Saat itu saya sudah mulai membaca buku-buku digital pdf tentang sejarah Aceh, yang disebarkan secara bebas oleh perpustakaan Universitas Leiden Belanda. Walaupun sekarang akses untuk itu telah ditutup, sehingga kita tidak bisa lagi mengunduhnya, namun kebiasaan membaca buku digital telah merasuki saya.

Jadi, gegara fasilitas dari perpustakaan Leiden itu, saya menjadi terbiasa membaca lama-lama buku pdf, yang saya layari di hape. Padahal saat itu telepon pintar saya lumayan kecil. Tapi banyak pula buku saya tamatkan dengannya.

Hal yang demikian itu berlangsung sampai akhirnya teman saya mengkritiknya. Bahwa itu tak baik buat mata. Saya dianjurkan untuk membeli notepad. Yang besarnya sama dengan ukuran buku versi cetak. Agar mata tidak cepat lelah ketika membacanya.
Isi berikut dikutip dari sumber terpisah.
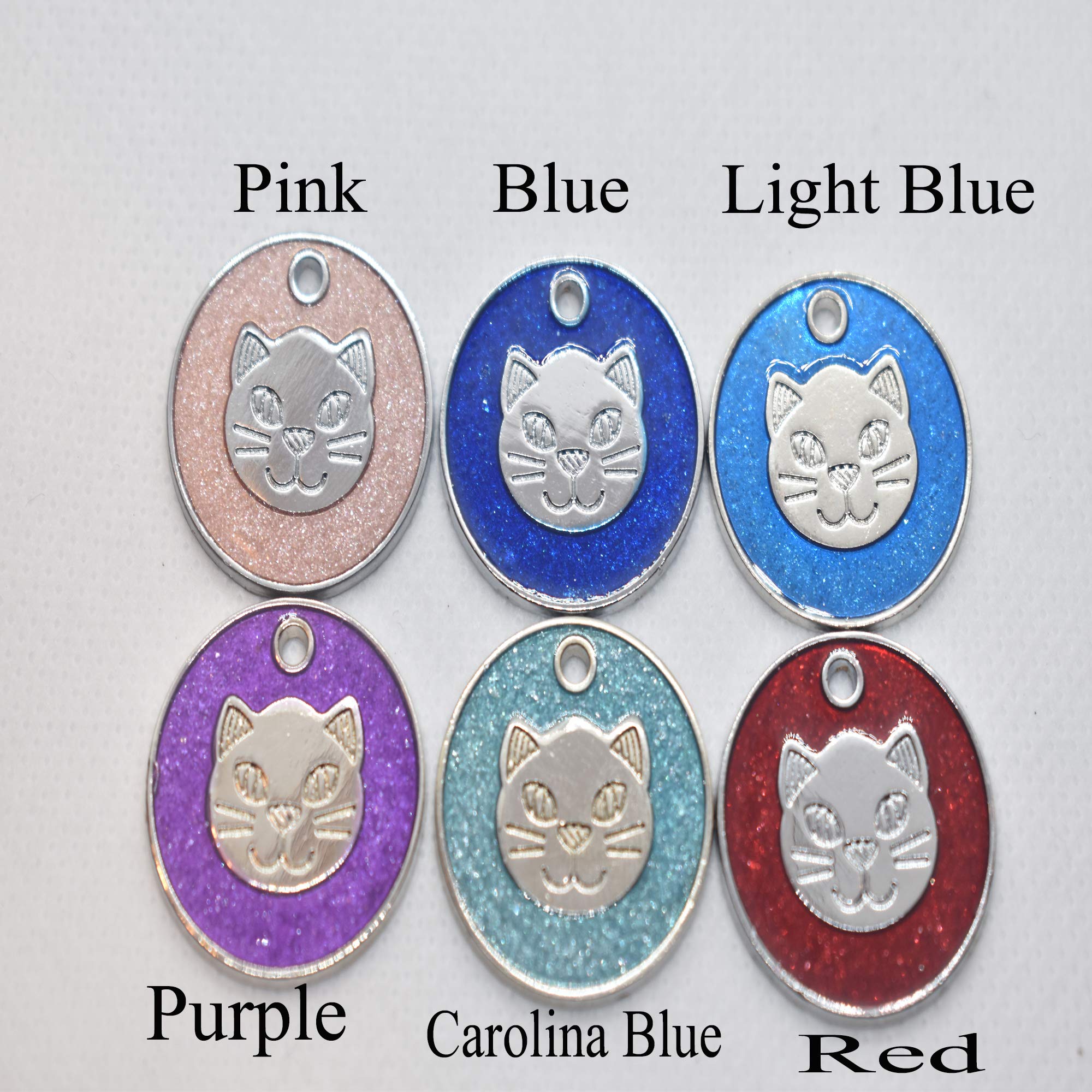 VRWUSA Custom Engraved stainless steel cat face Cat Personalized pet ID tag - Paw print STyle 090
Saya menurutinya. Membeli notepad. Bekas pakai. Tapi masih bagus. Seukuran delapan inchi. Notepad itu masih saya gunakan sampai sekarang. Khusus untuk membaca buku.

Maka, mulai saat itu, saya sudah terikat dengan buku digital. Saat itu pula, saya berkenalan dengan Play Book. Penyedia buku digital besutan Google. Yang sudah ada beberapa penerbit terkenal yang menerbitkan bukunya di situ. Seperti Mizan dan Bentang Pustaka, misalnya.

Sekarang, jika saya ingin membaca sebuah buku, pasti yang akan saya cek dulu adalah, apakah ia tersedia di Play Book atau tidak. Jika tidak ada, baru saya beralih membeli buku cetak. Prioritas utama, tetap buku digital. Ebook.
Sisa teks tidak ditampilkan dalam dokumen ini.